The flip side of this coin: every function is also continuous when we put the _indiscrete_ topology on the target space.

EpicMathTime

Love the beginning :D

"Every function is continuous"
*stares*
"ᵖʳᵒᵛᶦᵈᵉᵈ ᵗʰᵃᵗ ʸᵒᵘ ᵘˢᵉ ʷʰᵃᵗˢ ᶜᵃˡˡᵉᵈ ᵃ ᵈᶦˢᶜʳᵉᵗᵉ ᵐᵉᵗʳᶦᶜ"

imnotarobot

Yes thats what I have been always advocating for

curiosityzero

As for the combination of both spaces having the discrete metric, the thing is that all functions whose domain uses that metric are uninterestingly locally constant, since they only locally have one input.

iabervon

This proof is like the cracks in the edifice of real numbers

txikitofandango

f^-1 (U) -> U reminds of covering spaces

Jaylooker

YAY, I never have to prove continuity again!

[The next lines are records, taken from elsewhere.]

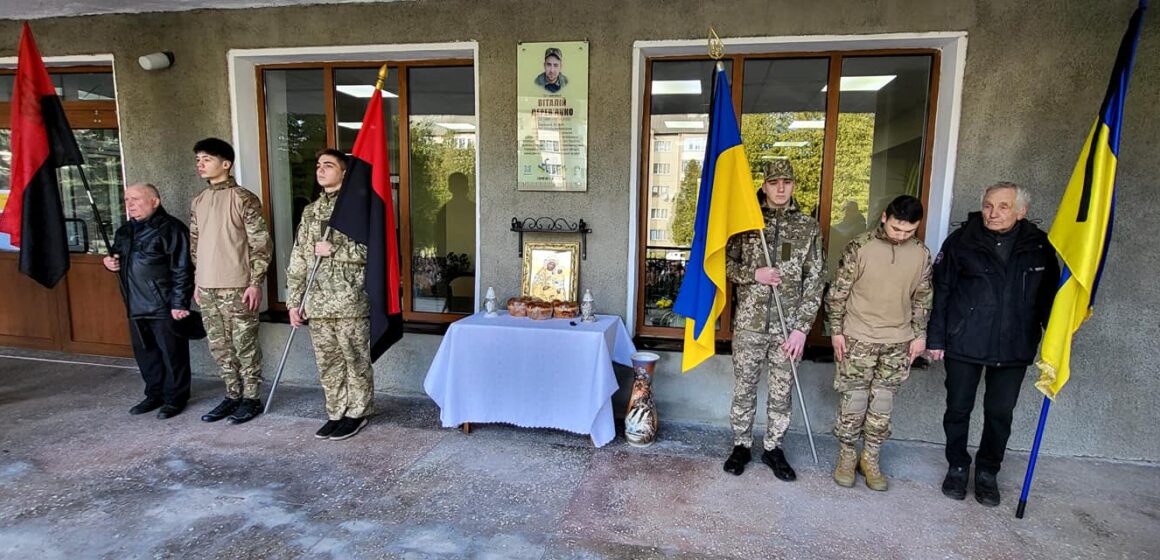 На фасаді Бурштинського ТЕК відкрили меморіальну дошку полеглому захиснику Віталію Дерев’янку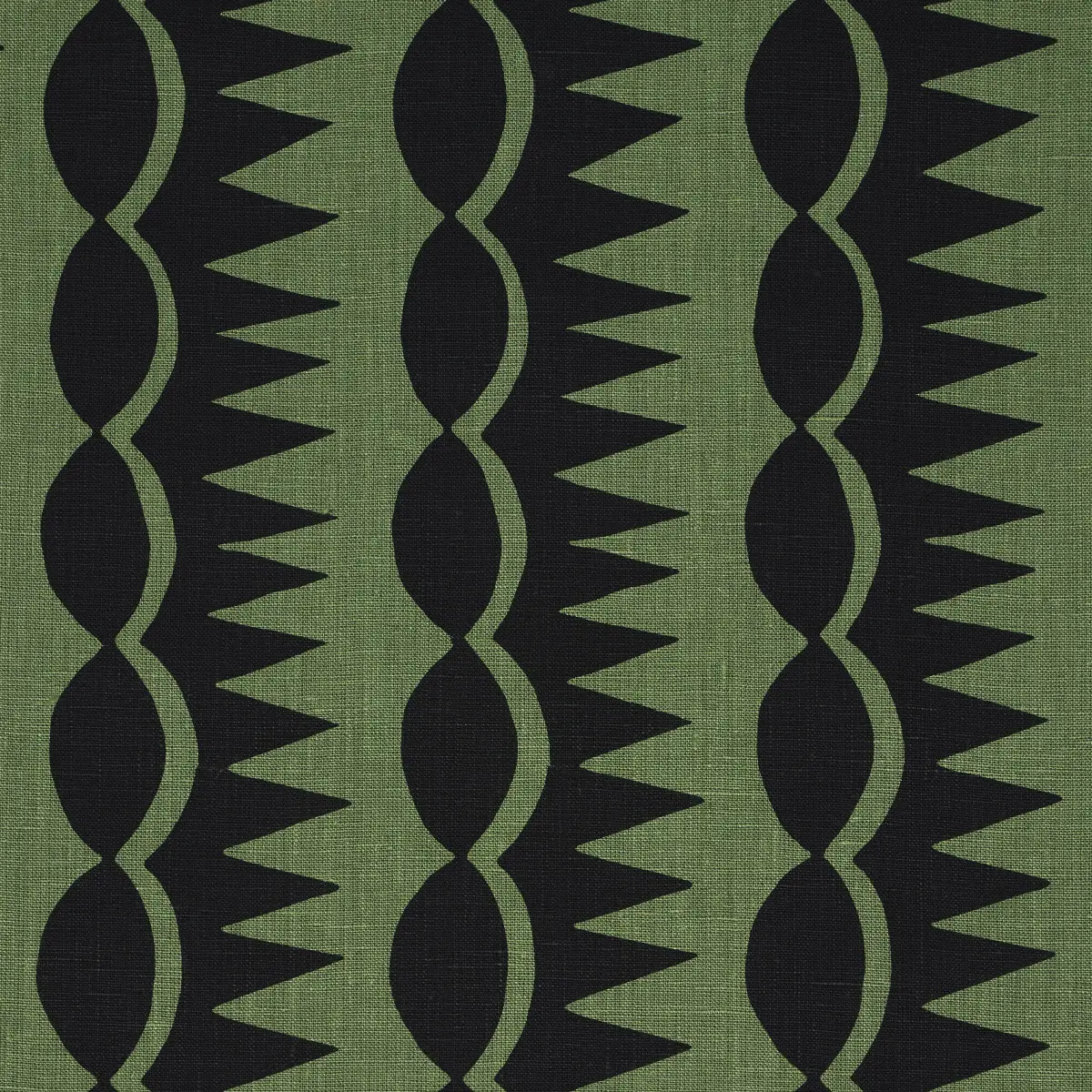 DAGGER STRIPE_ BLACK ON GREEN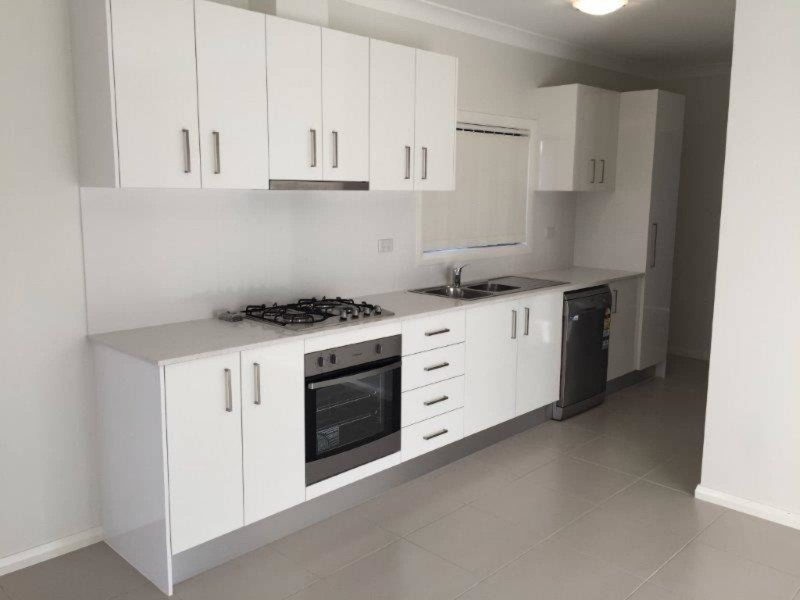 42a Elwood Crescent, Quakers Hill NSW 2763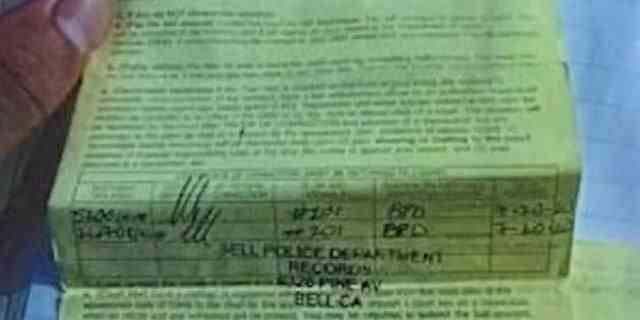 Ein Ticket, das mit dem Namen eines Beamten der California Highway Patrol gefälscht wurde.  Am Mittwoch enthüllten die kalifornischen Behörden einen großen "repariere es" Ticketsystem, das die Fälschungen in dem Bemühen beinhaltete, Tickets für Fahrzeuge zu löschen, die für illegale Straßenrennen verwendet werden, offizielle Hilfe. 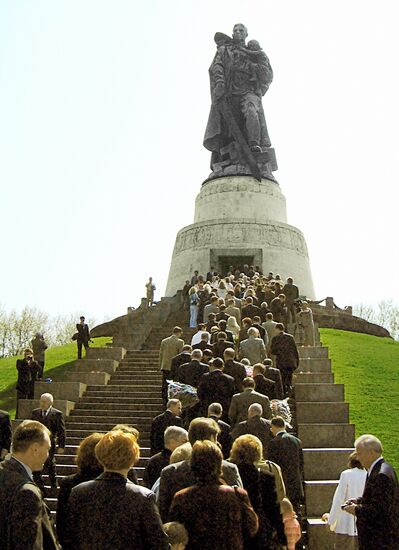 Памятник советскому воину-освободителю в Берлине
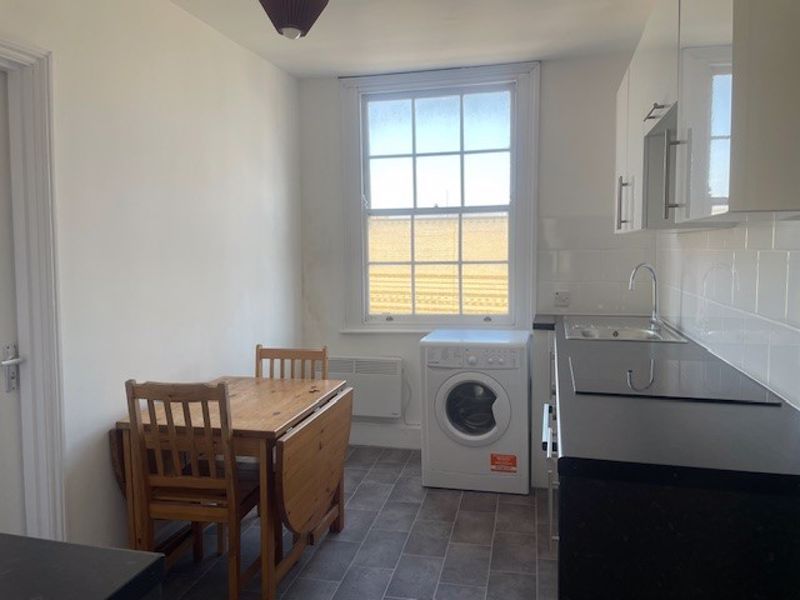 Property photo 2 of 7 Photo 1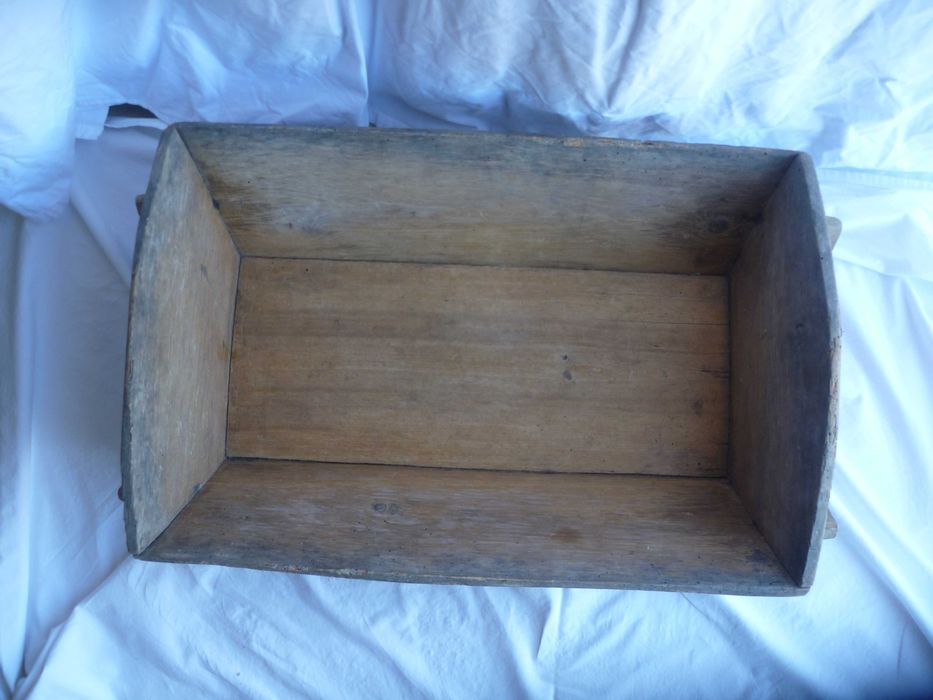 ANTIGUIDADES Masseira em madeira anos 50-60 enxoval da avó de 35 -180€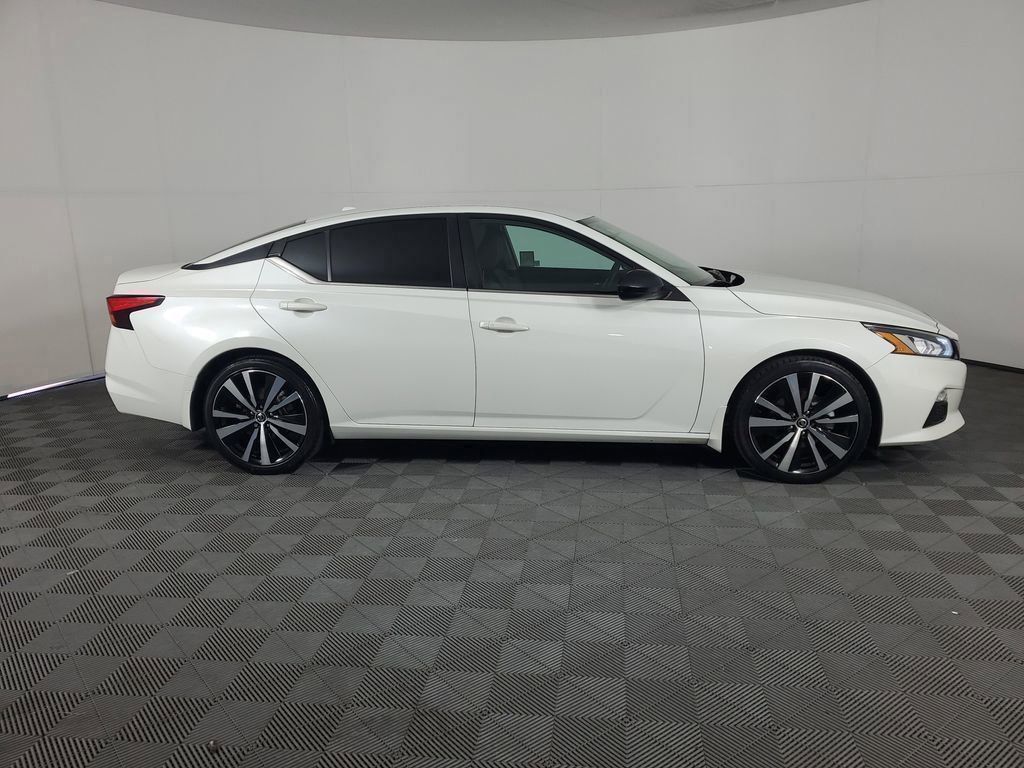 Used 2021 White Nissan 2.5 SR image 3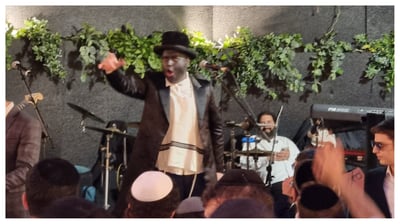 ניסים בלאק יאהב?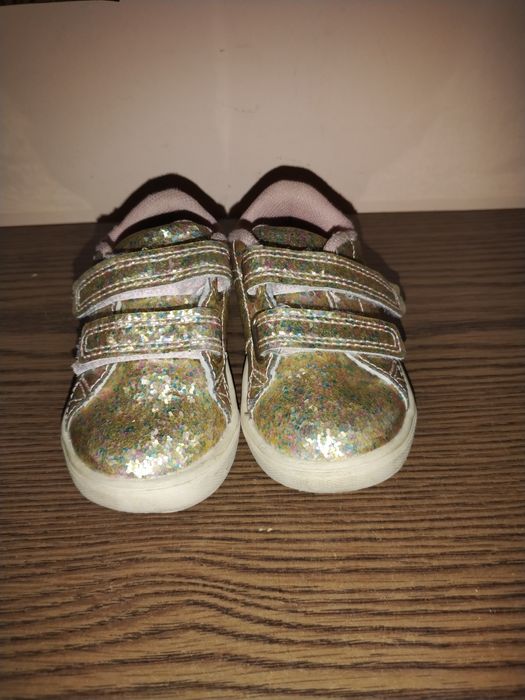 Детски обувки  по 10лв чифта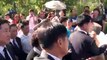 박근혜, 노무현 묘역 기습참배에 지지자들 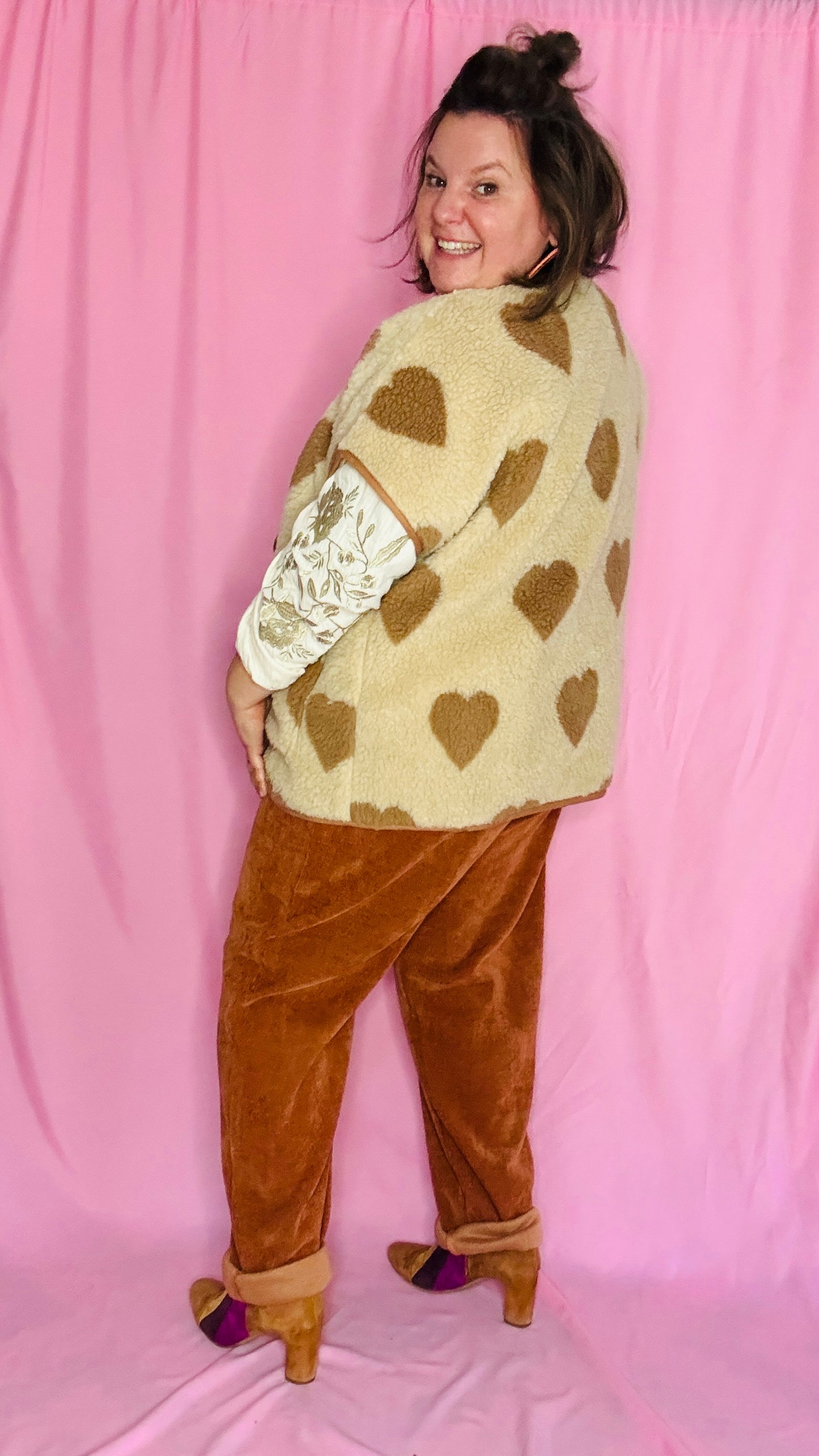 La veste sans manche arty moumoute motifs coeurs qui allie chaleur, confort et personnalité pour des looks qui ne passent pas inaperçus !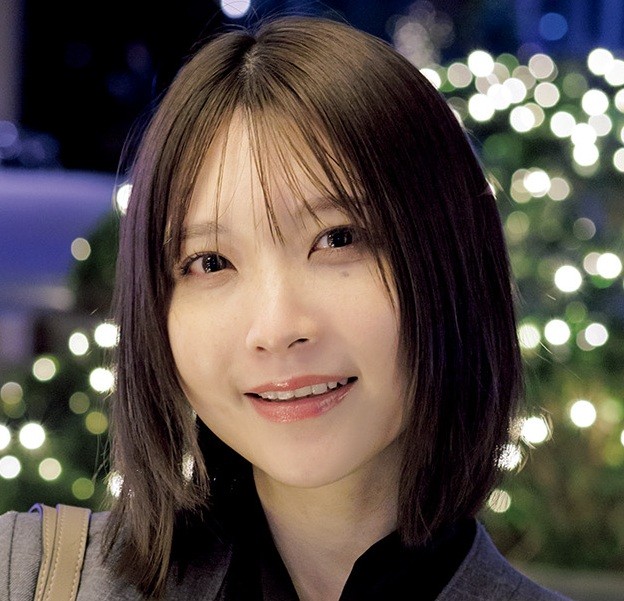 あまつまりな（撮影／青山裕企　ヘアメイク／KEIKO（renewal）　スタイリング／菊地文子）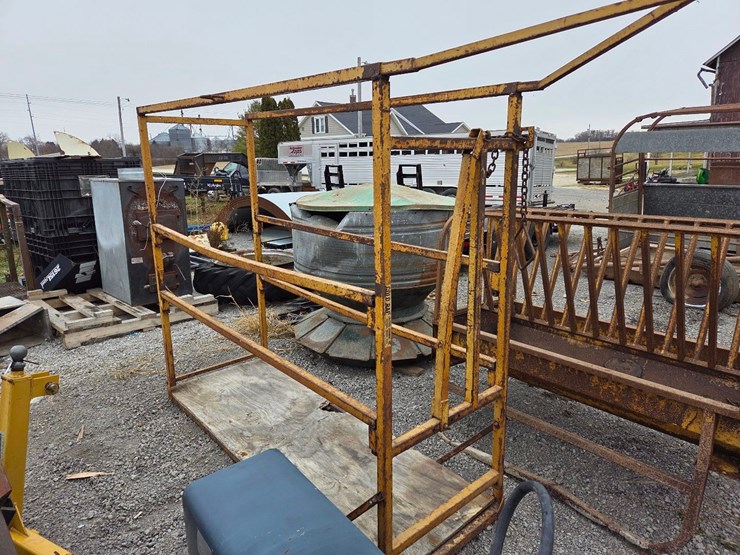 gold-bar-cattle-grooming-chute-image-1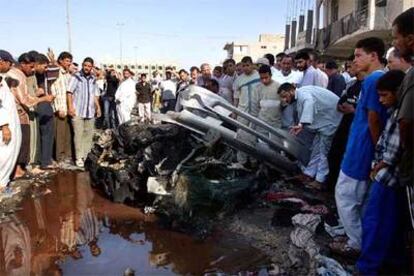 Un grupo de iraquíes, en el lugar del atentado.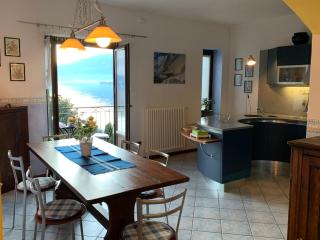 Casa Ludovica - Cozy apartment with panoramic lake & mountain views - Gera Lario - 1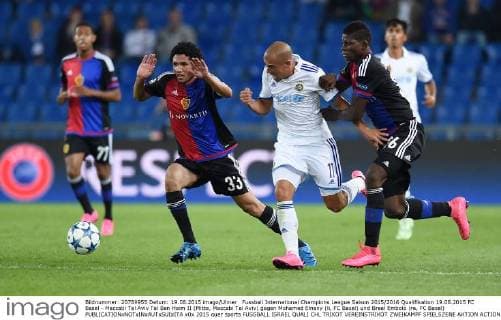 Fussball International Champions League Saison 2015 2016 Qualifikation 19.08.2015 FC Basel - Maccabi Tel Aviv Tal Ben Haim II (Mitte, Maccabi Tel Aviv) gegen Mohamed Elneny (li, FC Basel) und Breel Embolo (re, FC Basel) 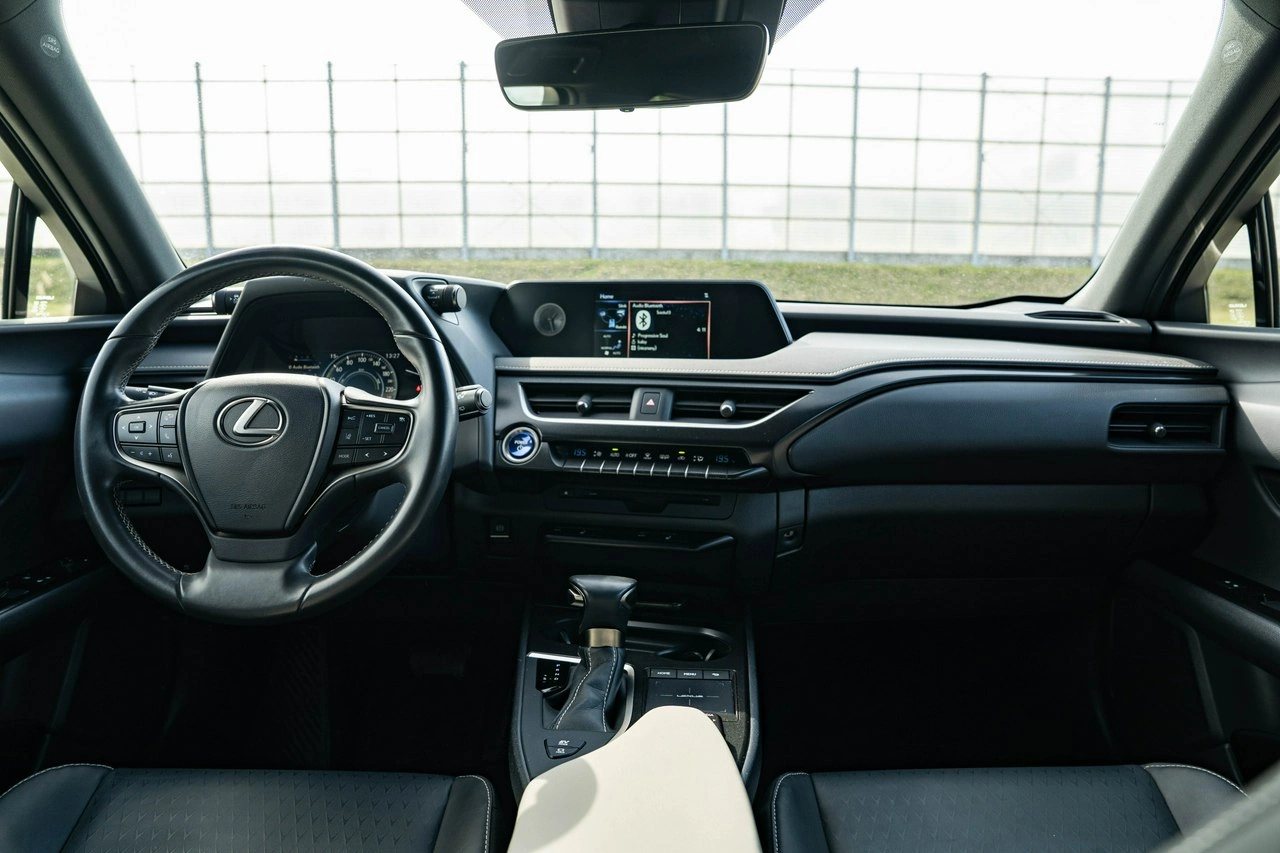 Lexus UX - Zdjęcie 17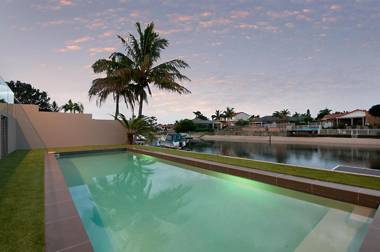 Waterfront Splendour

Every function is continuous. lol. Way over my head! :)

albertaraujo

let f map to a discrete space and assume f is continuous and not locally constant.
Then there exists a point s in S such that f is not constant on any U-open containing s.
Now take the set U=f^-(f(s)) this must be open by continuity of f and contains s. as f is also constant on this set we have a contradiction

MrNygiz

Every function is continuous!!!... provided they are to an INdiscrete space

f-th

The real numbers are a countable union of countable sets...



Provided you forget about the axiom of choice 👍🏻

factsheet

i remember we had an exercise to prove that in Analysis I

pythoncake

Every subset is open, hence every function is continuous.

meh, its a stupid example. i guess for n point discrete metric spwces you can isometrically embed them to space to R^n, so there is that. It would be interesting if you can get infinite dimensional "simplices" in some Hilbert space somehow and embed R or Z with the discrete topology in them.

mikhailmikhailov

You're number one you're number one everyone's number one

mrmathman